• What you have to do: Among the lines below, the one containing "A Mystery Story" opens the range and the one containing "wild ape demo" closes it. Print that range exactly, without the pictures.

• Exercise inputs:
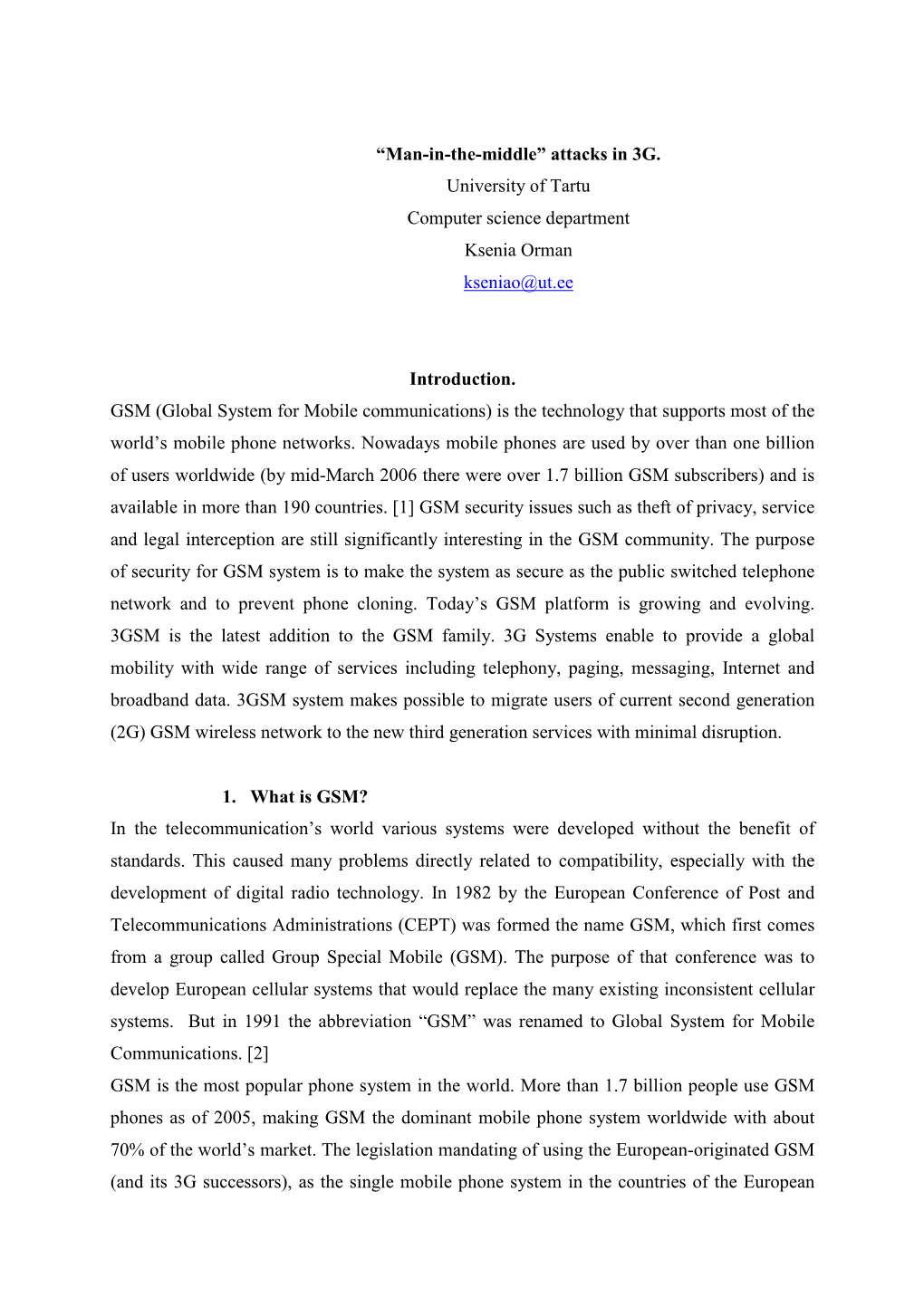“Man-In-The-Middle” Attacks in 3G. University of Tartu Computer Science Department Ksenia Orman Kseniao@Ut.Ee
---
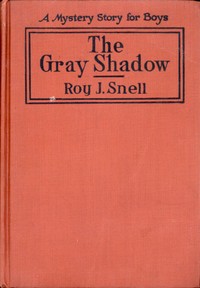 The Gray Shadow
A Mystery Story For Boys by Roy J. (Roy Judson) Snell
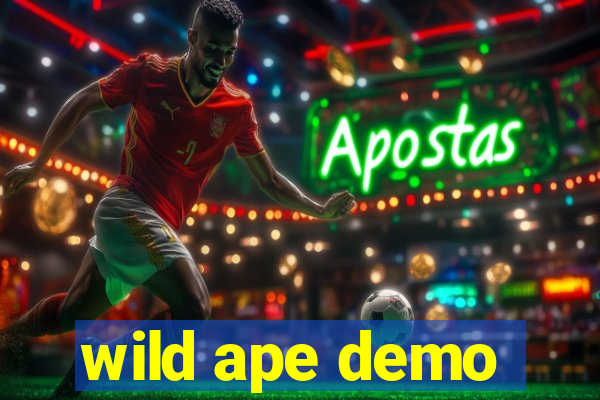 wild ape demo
...
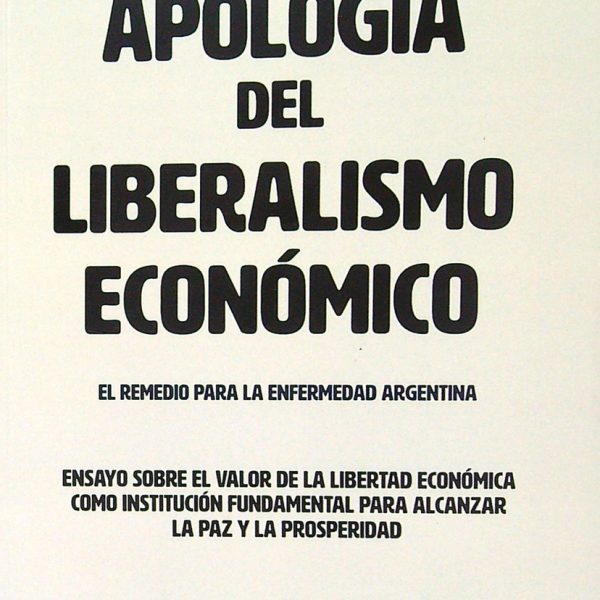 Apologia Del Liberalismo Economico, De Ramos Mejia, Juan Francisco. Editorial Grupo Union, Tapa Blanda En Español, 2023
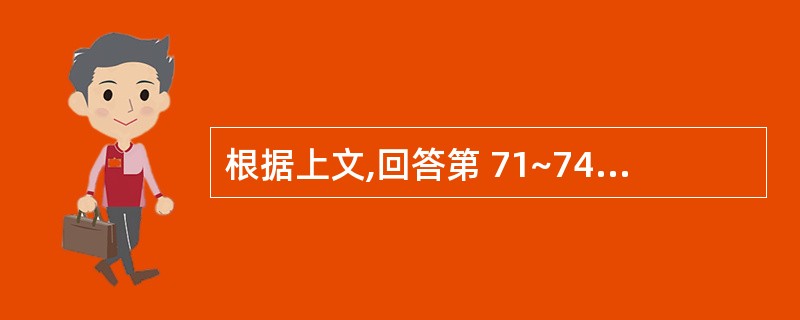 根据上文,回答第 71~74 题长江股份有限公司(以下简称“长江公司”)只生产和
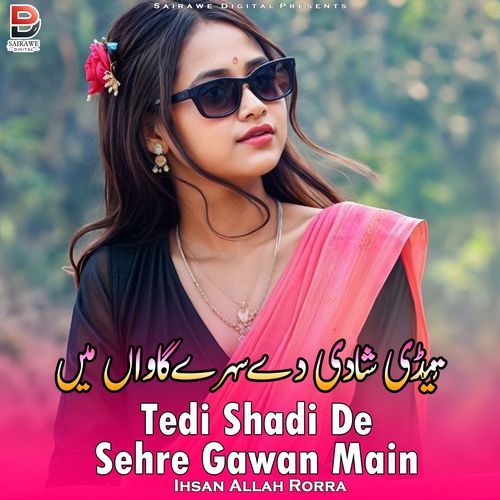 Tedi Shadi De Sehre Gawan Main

• Your solution:
A Mystery Story For Boys by Roy J. (Roy Judson) Snell
 wild ape demo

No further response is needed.